EXERCISE REQUIREMENTS: Take the data below and copy exactly the lines starting at the one with "Không chỉ dừng" and finishing at the one with "City Garden Suites Manila Eksteriør bilde", both included.

RECORDS TO PROCESS:
Content starts
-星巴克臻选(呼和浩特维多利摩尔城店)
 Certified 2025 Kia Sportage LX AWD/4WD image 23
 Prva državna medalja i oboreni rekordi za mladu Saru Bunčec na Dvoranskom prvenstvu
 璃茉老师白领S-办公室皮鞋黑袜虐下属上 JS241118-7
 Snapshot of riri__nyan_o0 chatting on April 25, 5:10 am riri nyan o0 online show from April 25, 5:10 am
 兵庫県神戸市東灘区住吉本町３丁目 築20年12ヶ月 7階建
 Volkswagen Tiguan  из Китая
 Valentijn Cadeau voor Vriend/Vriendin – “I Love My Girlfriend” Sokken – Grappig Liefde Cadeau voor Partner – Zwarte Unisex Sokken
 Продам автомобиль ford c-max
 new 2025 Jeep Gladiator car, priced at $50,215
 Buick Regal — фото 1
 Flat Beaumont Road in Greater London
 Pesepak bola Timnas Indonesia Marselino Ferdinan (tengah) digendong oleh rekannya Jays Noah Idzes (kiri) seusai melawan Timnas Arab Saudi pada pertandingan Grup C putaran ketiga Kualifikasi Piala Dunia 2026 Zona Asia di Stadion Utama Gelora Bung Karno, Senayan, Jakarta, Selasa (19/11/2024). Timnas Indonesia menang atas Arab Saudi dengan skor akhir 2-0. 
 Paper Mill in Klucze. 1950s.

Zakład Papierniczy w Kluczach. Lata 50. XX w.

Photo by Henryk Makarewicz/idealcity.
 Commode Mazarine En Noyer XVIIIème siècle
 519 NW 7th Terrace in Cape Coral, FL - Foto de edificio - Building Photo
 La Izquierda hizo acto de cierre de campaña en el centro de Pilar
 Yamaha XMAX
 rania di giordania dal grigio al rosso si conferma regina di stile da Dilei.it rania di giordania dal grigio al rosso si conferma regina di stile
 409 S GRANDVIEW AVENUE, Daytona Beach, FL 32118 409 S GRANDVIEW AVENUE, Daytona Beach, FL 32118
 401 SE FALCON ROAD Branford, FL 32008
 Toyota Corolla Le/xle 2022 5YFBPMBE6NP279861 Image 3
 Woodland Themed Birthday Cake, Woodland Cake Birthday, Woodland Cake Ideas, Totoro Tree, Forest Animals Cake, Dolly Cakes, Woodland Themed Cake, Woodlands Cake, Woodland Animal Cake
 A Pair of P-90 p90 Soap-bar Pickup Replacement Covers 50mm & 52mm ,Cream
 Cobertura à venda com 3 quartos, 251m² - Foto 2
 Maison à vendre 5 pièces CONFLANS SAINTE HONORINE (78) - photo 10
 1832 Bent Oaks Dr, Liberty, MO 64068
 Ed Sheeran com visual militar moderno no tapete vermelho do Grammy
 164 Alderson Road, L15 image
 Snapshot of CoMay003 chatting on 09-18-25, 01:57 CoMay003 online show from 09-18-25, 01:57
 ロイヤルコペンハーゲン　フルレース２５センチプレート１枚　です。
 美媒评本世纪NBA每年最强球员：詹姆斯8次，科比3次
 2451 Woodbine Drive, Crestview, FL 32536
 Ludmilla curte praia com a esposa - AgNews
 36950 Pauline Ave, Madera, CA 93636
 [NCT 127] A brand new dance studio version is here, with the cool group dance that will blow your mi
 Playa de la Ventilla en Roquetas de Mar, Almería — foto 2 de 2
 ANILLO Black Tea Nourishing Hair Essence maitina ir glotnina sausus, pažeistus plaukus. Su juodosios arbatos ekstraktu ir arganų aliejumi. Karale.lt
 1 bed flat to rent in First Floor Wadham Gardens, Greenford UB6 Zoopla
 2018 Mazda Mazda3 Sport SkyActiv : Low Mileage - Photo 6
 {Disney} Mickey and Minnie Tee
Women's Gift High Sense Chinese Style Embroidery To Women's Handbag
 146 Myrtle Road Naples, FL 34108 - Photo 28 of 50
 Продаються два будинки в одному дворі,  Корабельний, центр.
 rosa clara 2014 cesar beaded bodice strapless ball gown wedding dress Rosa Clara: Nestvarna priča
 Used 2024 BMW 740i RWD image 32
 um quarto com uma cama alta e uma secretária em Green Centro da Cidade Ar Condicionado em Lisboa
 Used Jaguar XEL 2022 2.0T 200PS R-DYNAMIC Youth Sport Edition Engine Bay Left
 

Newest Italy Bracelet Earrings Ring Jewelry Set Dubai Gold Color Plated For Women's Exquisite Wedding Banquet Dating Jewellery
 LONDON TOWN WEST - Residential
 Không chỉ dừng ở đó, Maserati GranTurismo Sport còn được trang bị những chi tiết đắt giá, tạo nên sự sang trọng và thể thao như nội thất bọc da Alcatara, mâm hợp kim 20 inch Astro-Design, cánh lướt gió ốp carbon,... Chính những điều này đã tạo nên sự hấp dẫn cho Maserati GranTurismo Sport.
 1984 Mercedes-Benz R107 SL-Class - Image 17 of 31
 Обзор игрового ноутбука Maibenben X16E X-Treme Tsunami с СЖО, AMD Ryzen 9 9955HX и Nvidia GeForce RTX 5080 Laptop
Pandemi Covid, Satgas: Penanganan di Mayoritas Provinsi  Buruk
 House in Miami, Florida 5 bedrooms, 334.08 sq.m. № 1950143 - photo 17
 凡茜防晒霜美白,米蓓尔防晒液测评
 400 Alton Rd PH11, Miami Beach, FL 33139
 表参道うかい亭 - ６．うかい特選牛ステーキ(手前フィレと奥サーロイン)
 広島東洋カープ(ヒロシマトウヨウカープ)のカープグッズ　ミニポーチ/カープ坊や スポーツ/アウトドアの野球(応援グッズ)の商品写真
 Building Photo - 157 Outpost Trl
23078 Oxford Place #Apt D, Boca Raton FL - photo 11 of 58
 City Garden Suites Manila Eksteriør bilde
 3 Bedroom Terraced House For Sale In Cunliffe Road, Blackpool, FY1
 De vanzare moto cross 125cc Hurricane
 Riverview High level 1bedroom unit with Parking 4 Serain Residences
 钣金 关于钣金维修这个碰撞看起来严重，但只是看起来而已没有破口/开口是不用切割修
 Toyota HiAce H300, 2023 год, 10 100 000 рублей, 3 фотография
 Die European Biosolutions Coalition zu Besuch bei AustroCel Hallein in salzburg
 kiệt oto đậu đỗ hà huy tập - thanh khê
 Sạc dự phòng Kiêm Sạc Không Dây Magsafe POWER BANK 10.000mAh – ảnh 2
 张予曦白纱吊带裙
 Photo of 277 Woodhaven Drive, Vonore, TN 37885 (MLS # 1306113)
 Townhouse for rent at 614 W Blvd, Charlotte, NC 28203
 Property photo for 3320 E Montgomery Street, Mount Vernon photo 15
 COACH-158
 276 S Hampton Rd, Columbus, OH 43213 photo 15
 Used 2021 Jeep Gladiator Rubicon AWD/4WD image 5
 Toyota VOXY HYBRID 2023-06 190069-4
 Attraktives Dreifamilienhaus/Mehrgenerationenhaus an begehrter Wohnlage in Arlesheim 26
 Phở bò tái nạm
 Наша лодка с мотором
Content ends
OUTPUT BELOW:
 Không chỉ dừng ở đó, Maserati GranTurismo Sport còn được trang bị những chi tiết đắt giá, tạo nên sự sang trọng và thể thao như nội thất bọc da Alcatara, mâm hợp kim 20 inch Astro-Design, cánh lướt gió ốp carbon,... Chính những điều này đã tạo nên sự hấp dẫn cho Maserati GranTurismo Sport.
 1984 Mercedes-Benz R107 SL-Class - Image 17 of 31
 Обзор игрового ноутбука Maibenben X16E X-Treme Tsunami с СЖО, AMD Ryzen 9 9955HX и Nvidia GeForce RTX 5080 Laptop
Pandemi Covid, Satgas: Penanganan di Mayoritas Provinsi  Buruk
 House in Miami, Florida 5 bedrooms, 334.08 sq.m. № 1950143 - photo 17
 凡茜防晒霜美白,米蓓尔防晒液测评
 400 Alton Rd PH11, Miami Beach, FL 33139
 表参道うかい亭 - ６．うかい特選牛ステーキ(手前フィレと奥サーロイン)
 広島東洋カープ(ヒロシマトウヨウカープ)のカープグッズ　ミニポーチ/カープ坊や スポーツ/アウトドアの野球(応援グッズ)の商品写真
 Building Photo - 157 Outpost Trl
23078 Oxford Place #Apt D, Boca Raton FL - photo 11 of 58
 City Garden Suites Manila Eksteriør bilde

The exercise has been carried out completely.